##### Information provided
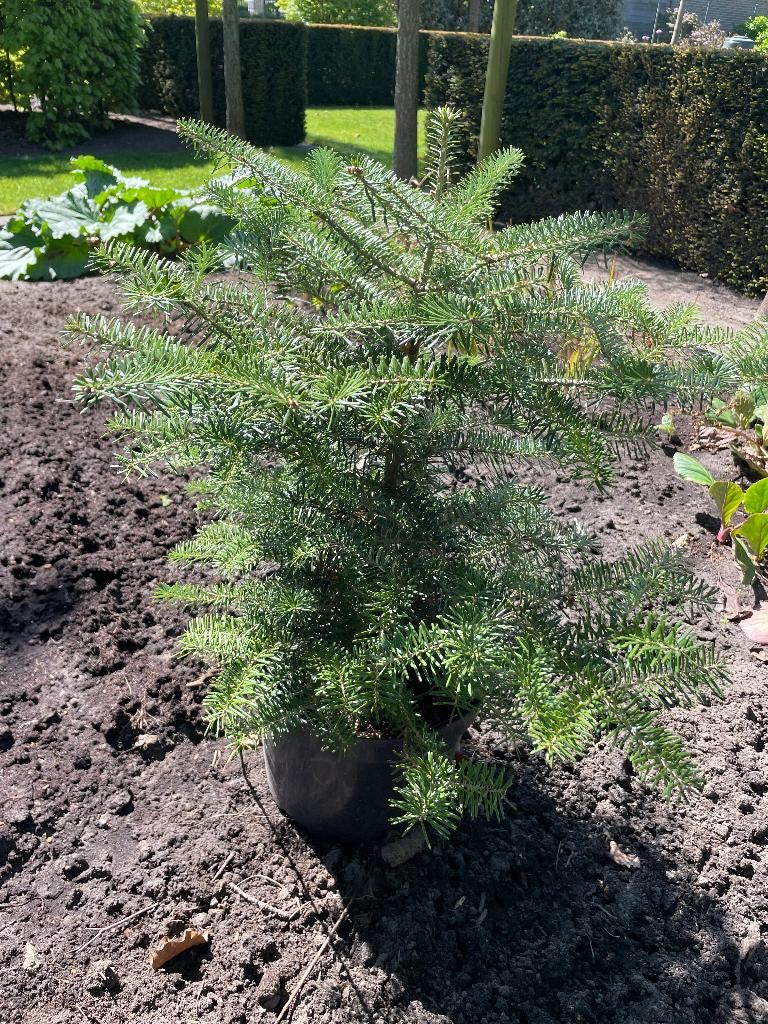 Koreaanse spar, Tuin en Terras, Planten | Bomen, Bloeit niet, Overige soorten, Minder dan 100 cm, Ophalen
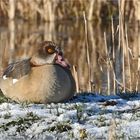 Nilgans 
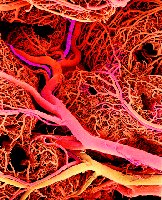 Microscopic view of blood vessels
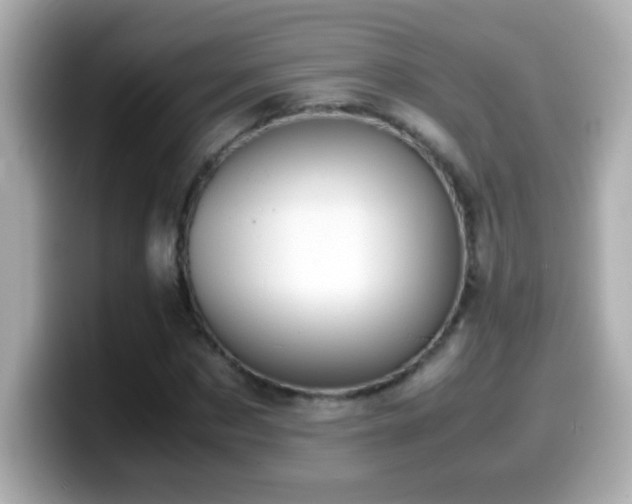 X0000099940873200805231249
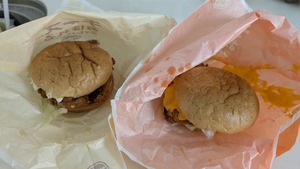 PXL_20250216_050451302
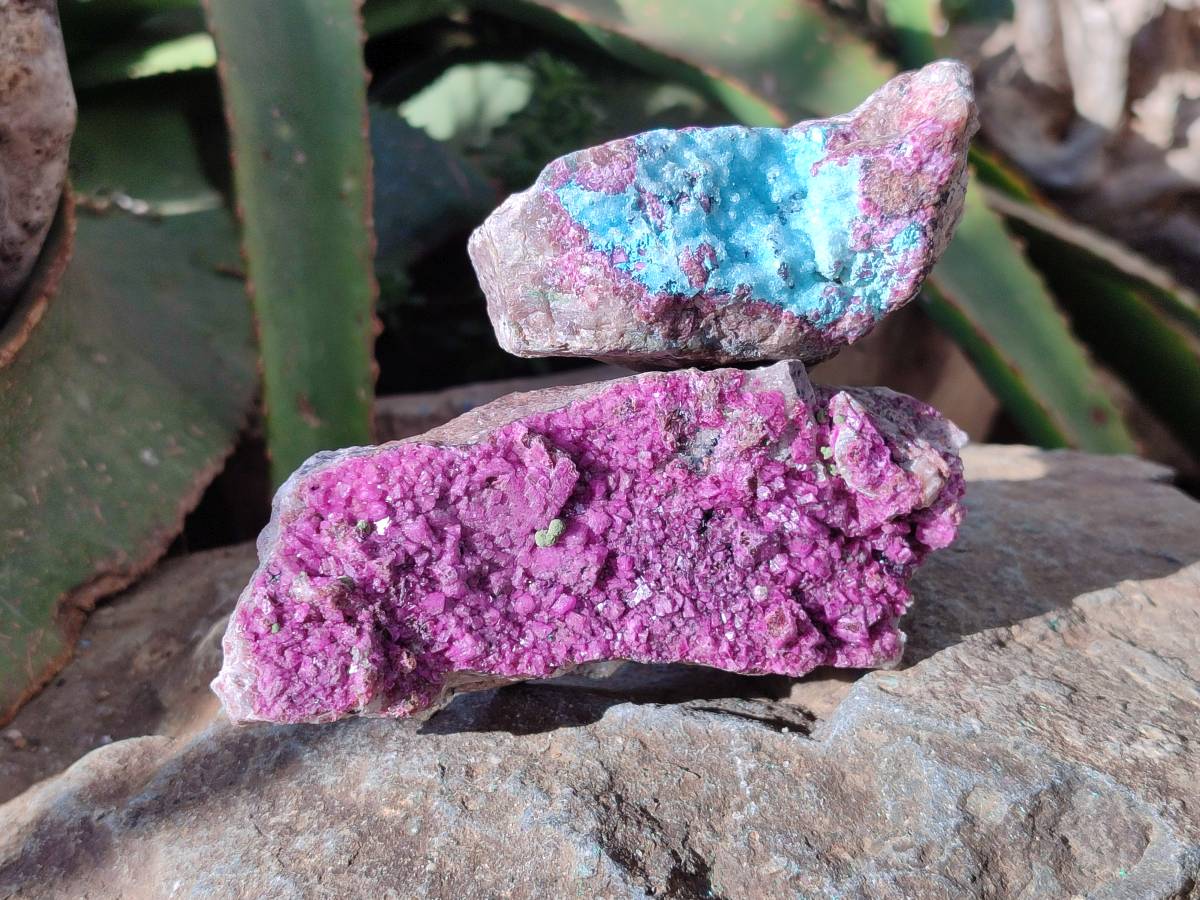 Natural Salrose Cobaltion Dolomite Specimens With Malachite And One With Chrysocolla x 6 From Kakanda, Congo - Toprock Gemstones and Minerals 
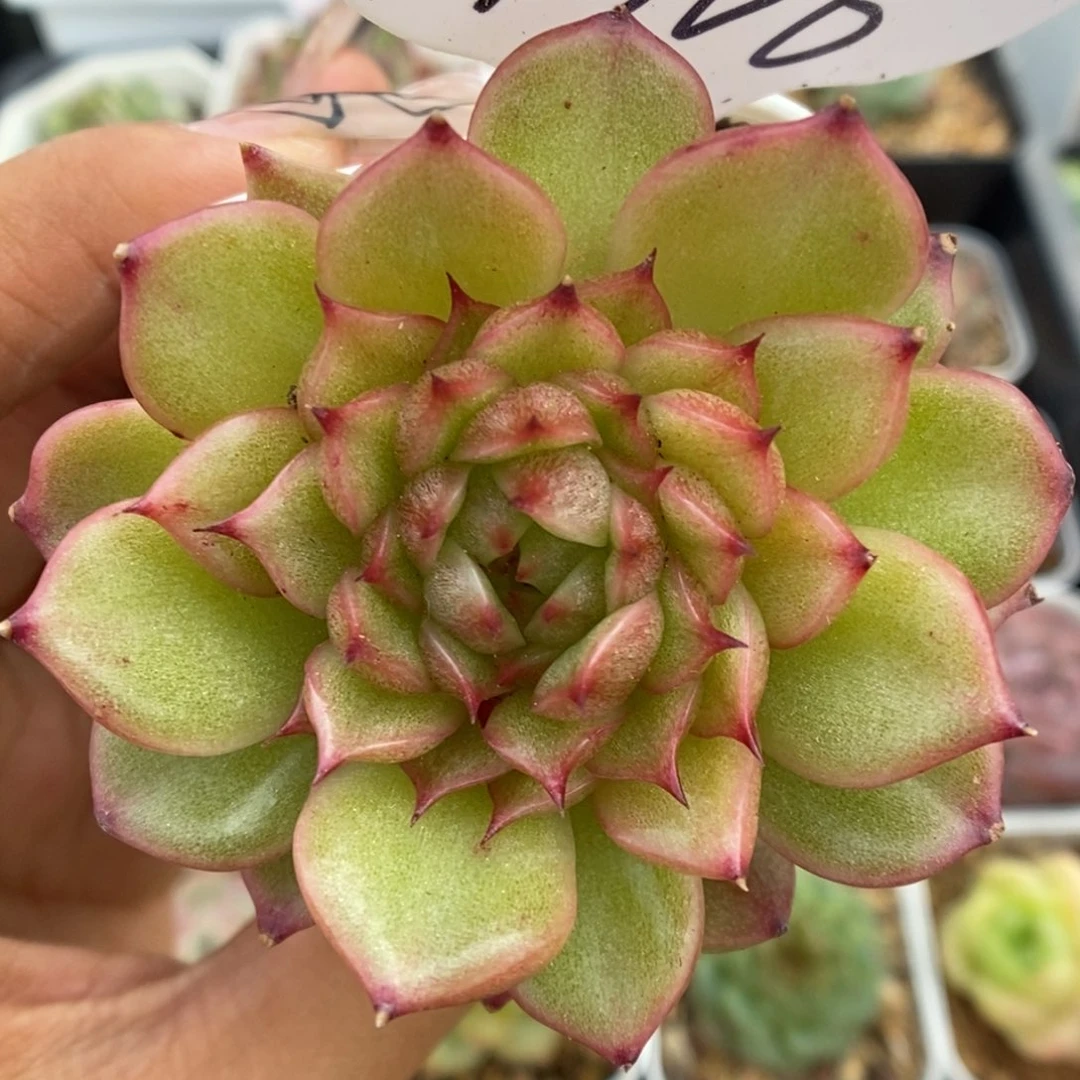 玉玲珑可拍9706号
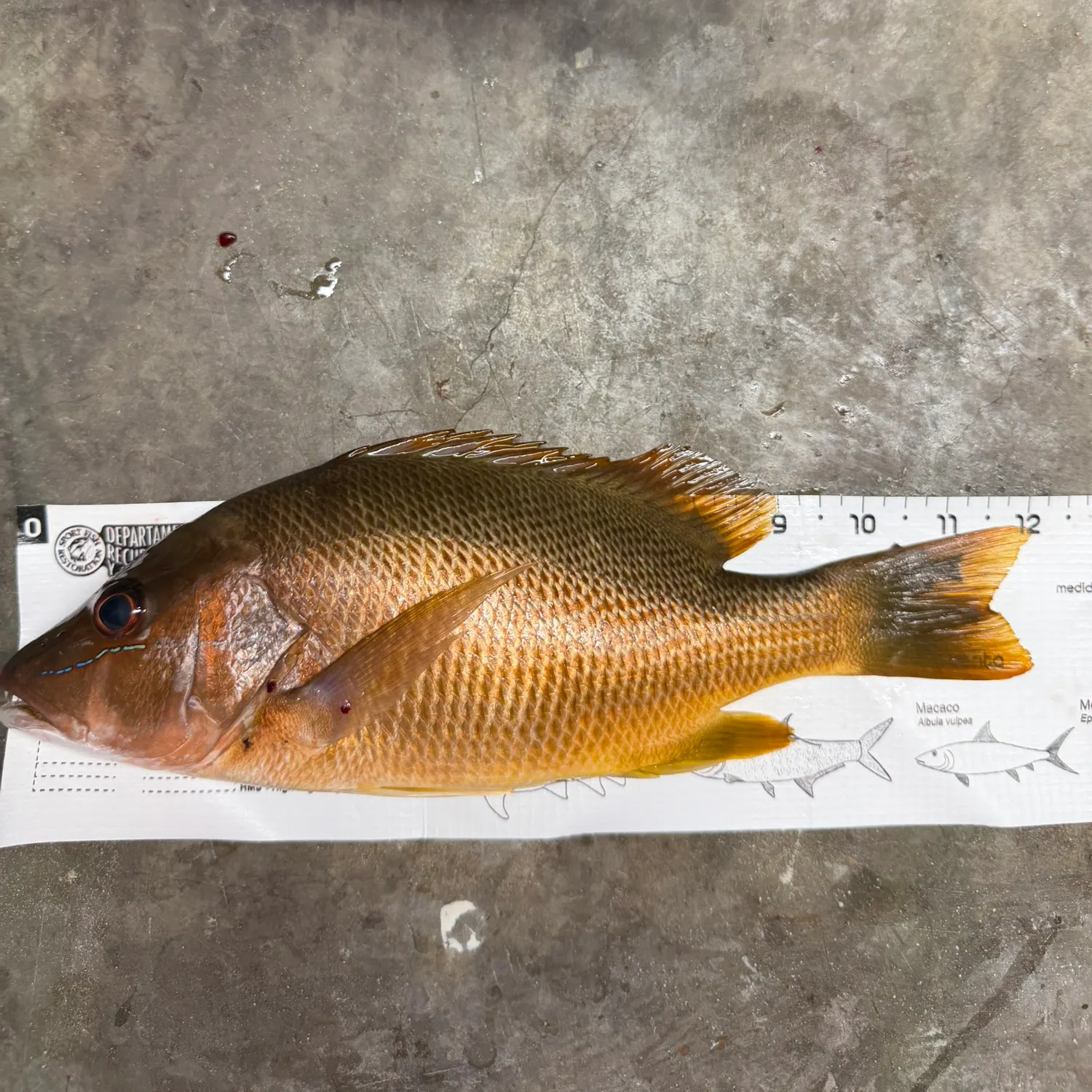 The most recent Dog Snapper catches on Fishbrain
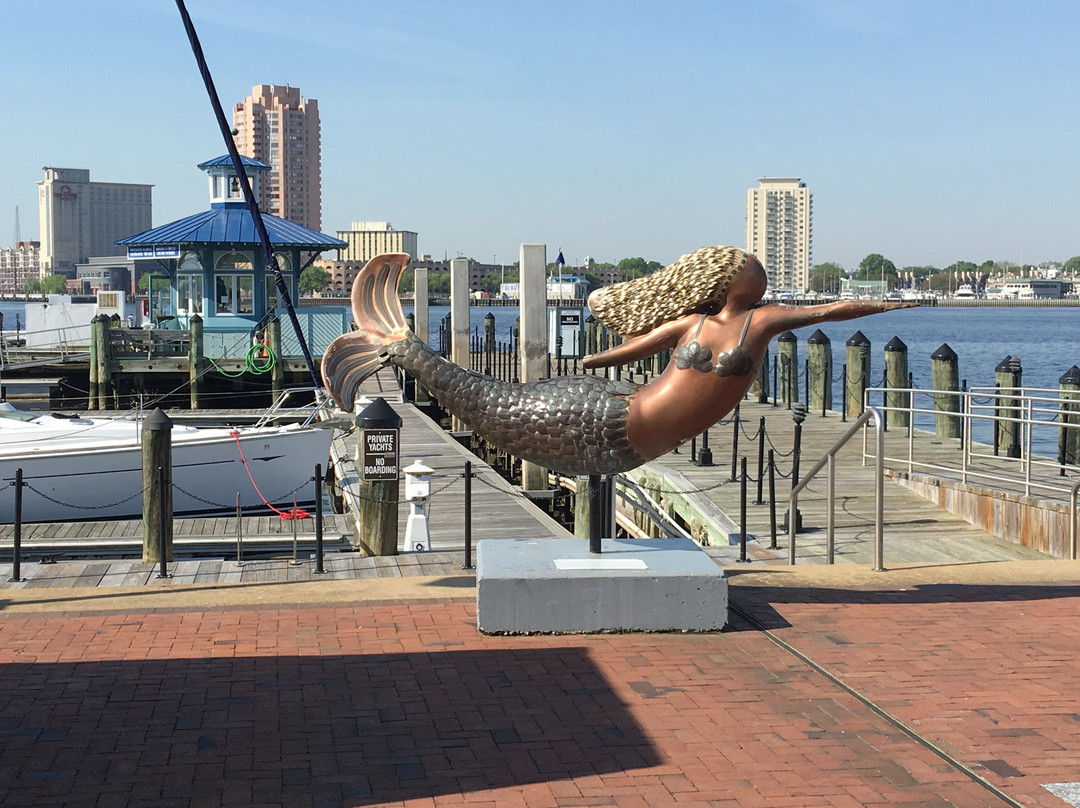 Town Point Park-诺福克必去景点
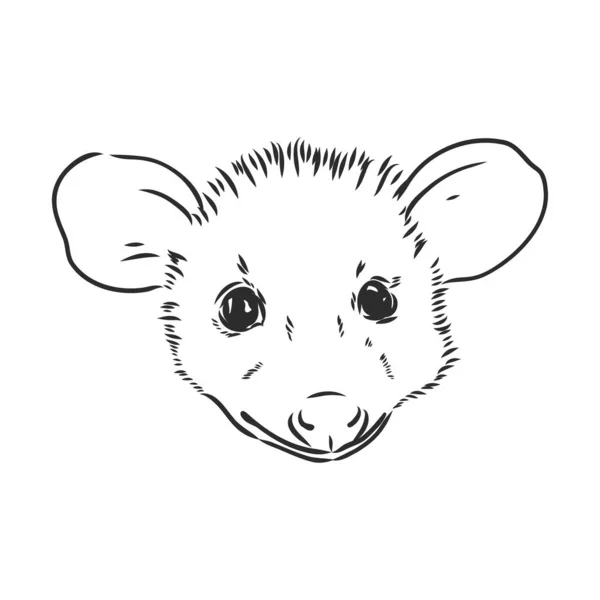 벡터 스케치 주머니쥐 주머니쥐 벡터 삽화 — 스톡 벡터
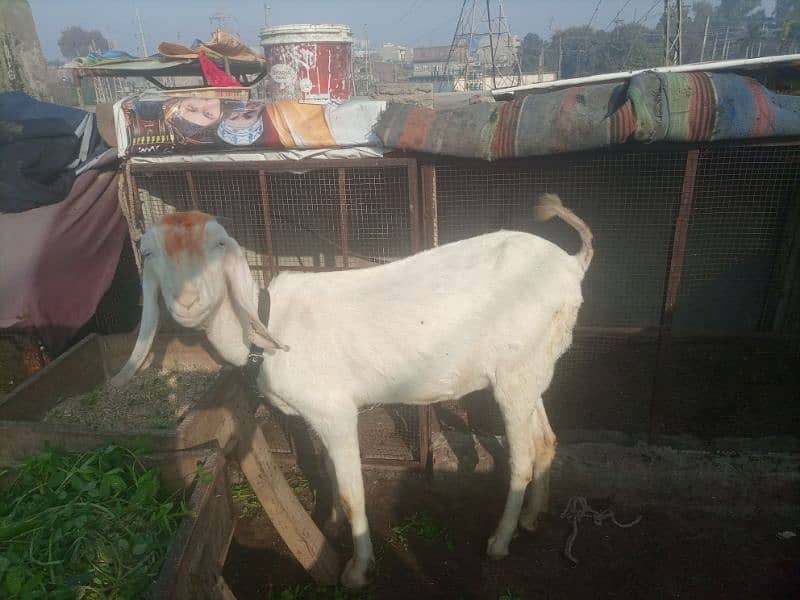 Gulbi female with 1 female baby 2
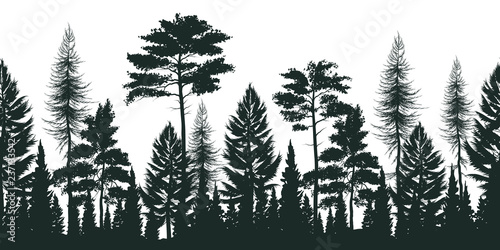 Silhouette Of Pine Forest Illustration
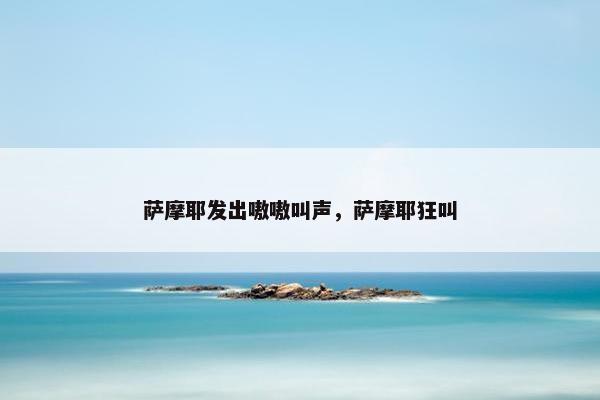 萨摩耶发出嗷嗷叫声，萨摩耶狂叫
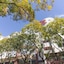 São Bento Gallery Apartment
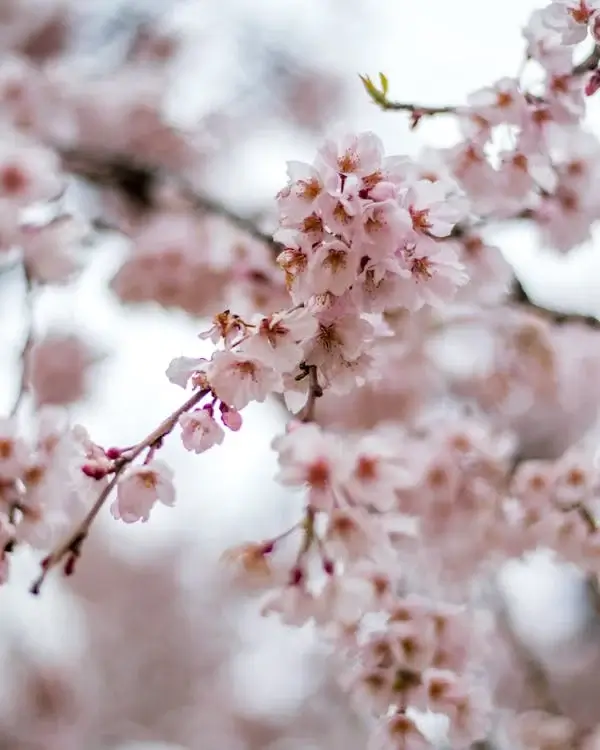 경주 벚꽃축제 주차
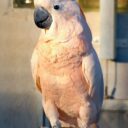 Foto: ©Zoopark Olovnice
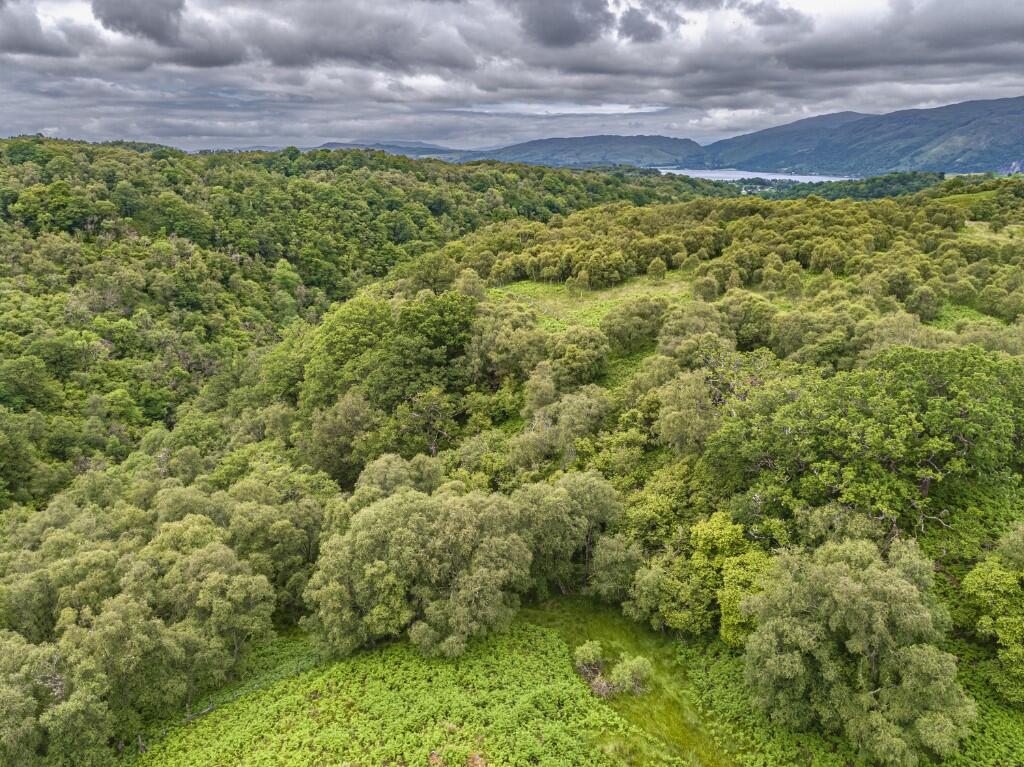 Main image of property: Glen Nant, Taynuilt, Argyllshire, PA35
##########
To do: Skipping any pictures, copy the line that holds "PXL_20250216_050451302" and each line after it through the last line of the records, unchanged, and no other lines.

Response box:
 PXL_20250216_050451302
 Natural Salrose Cobaltion Dolomite Specimens With Malachite And One With Chrysocolla x 6 From Kakanda, Congo - Toprock Gemstones and Minerals 
 玉玲珑可拍9706号
 The most recent Dog Snapper catches on Fishbrain
 Town Point Park-诺福克必去景点
 벡터 스케치 주머니쥐 주머니쥐 벡터 삽화 — 스톡 벡터
 Gulbi female with 1 female baby 2
 Silhouette Of Pine Forest Illustration
 萨摩耶发出嗷嗷叫声，萨摩耶狂叫
 São Bento Gallery Apartment
 경주 벚꽃축제 주차
 Foto: ©Zoopark Olovnice
 Main image of property: Glen Nant, Taynuilt, Argyllshire, PA35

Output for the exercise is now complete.